Also noted by professionals and participants were the general effects of exposure during
childhood and adolescence to extreme attitudes and behaviours, including those related to
exercise and diet. One example was that of a child gymnast who was under intensive training
and been strongly encouraged by their trainer to follow a particular diet. Another influence
identified by one professional was being raised in family which held extreme religious beliefs.
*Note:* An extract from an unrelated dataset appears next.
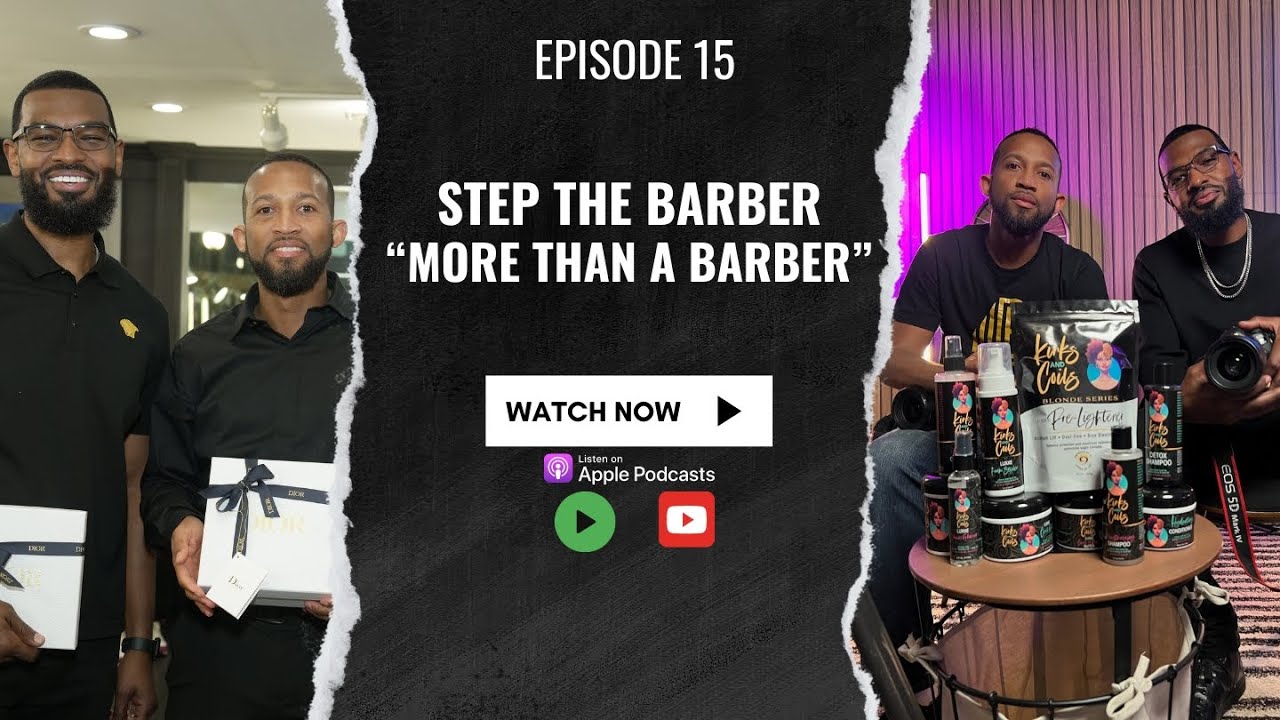EP. 15 | More than a Barber: Step the Barber is Shaping Futures and Fades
In addition to parental influences, partners could influence dietary choices either through their
own behaviour or supporting their partner’s obsession.
Past trauma
Professionals in our study reported on physical and/or emotional trauma experienced by their
clients with eating disorders, including those with ON traits. These traumatic events could lead
to problems such as dissatisfaction with the self or the physical body; a need to obsessively
control; or, in the case of sexual abuse, as body shame and the need to feel ‘clean’.
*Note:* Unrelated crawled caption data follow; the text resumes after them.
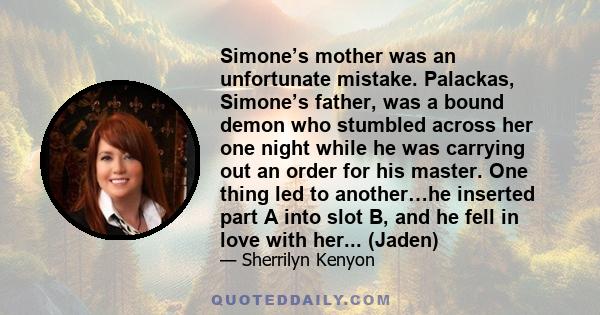 Simone’s mother was an unfortunate mistake. Palackas, Simone’s father, was a bound demon who stumbled across her one night while he was carrying out an order for his master. One thing led to another…he inserted part A
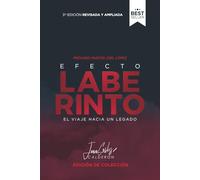 Efecto Laberinto: El viaje hacia un legado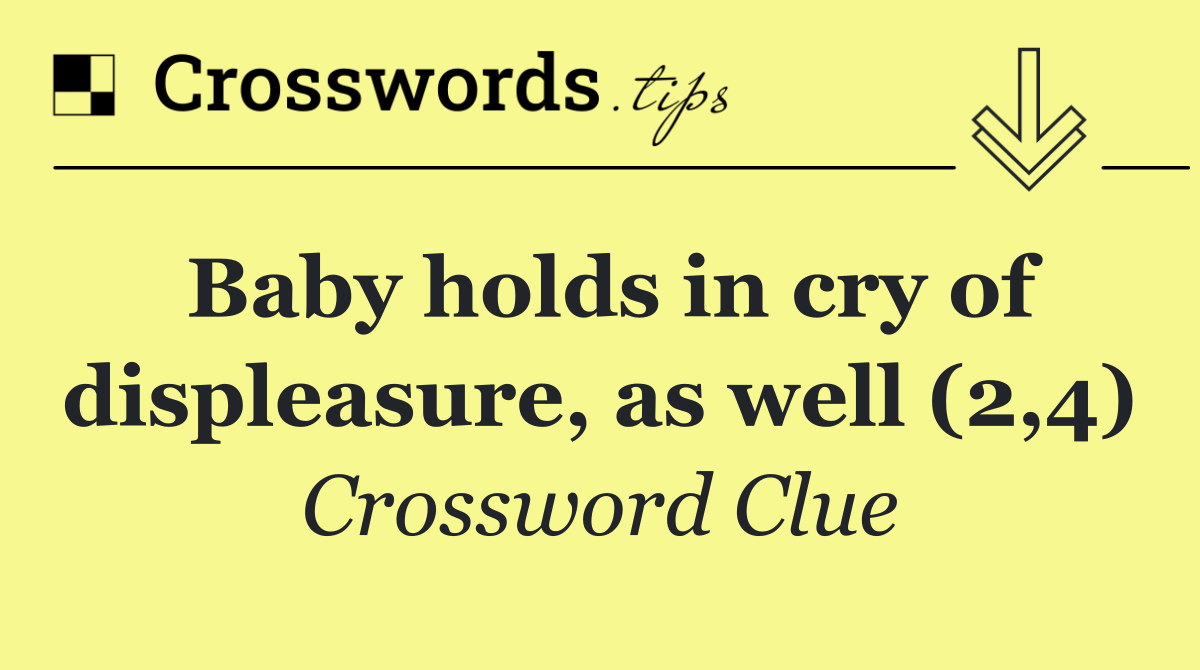 Baby holds in cry of displeasure, as well (2,4)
“I do have a number of cases where it’s been brought on by trauma and stress so a loss
of a parent early on or horrific sexual abuse or sexual assault cases. If you’re not
feeling, you don’t, especially with the sexual abuse cases if you don’t feel comfortable
in your body anymore, you feel, I guess, dirty, you feel shamed and all those emotions
there are tied in with that experience are really uncomfortable to have to deal with. …
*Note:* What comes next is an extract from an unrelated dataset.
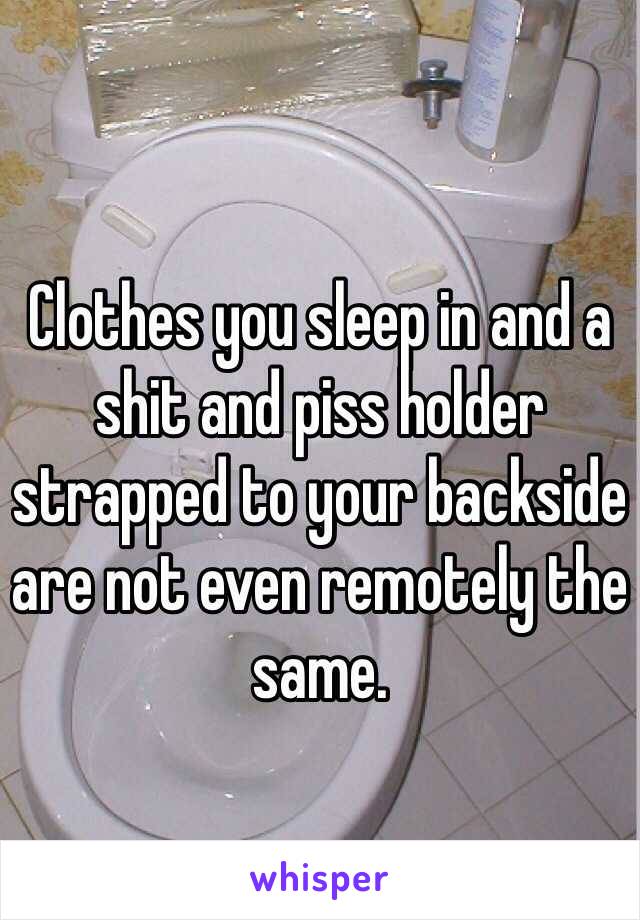 Clothes you sleep in and a shit and piss holder strapped to your backside are not even remotely the same.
orthorexia becomes a way of almost trying to treat that dirtiness like, if I eat clean
1
then maybe I’ll feel clean.” HP3
Groups/movements
1
Clean eating is a dietary strategy which promotes eating whole foods in their natural state and avoiding
processed food. Whilst there are variations, the diet often includes raw and plant-based foods, avoiding sugar,
gluten and animal products. The diet is typically viewed in positive terms and risks associated with it are
currently unclear (Ambwani, Shippe, Gao, & Austin, 2019).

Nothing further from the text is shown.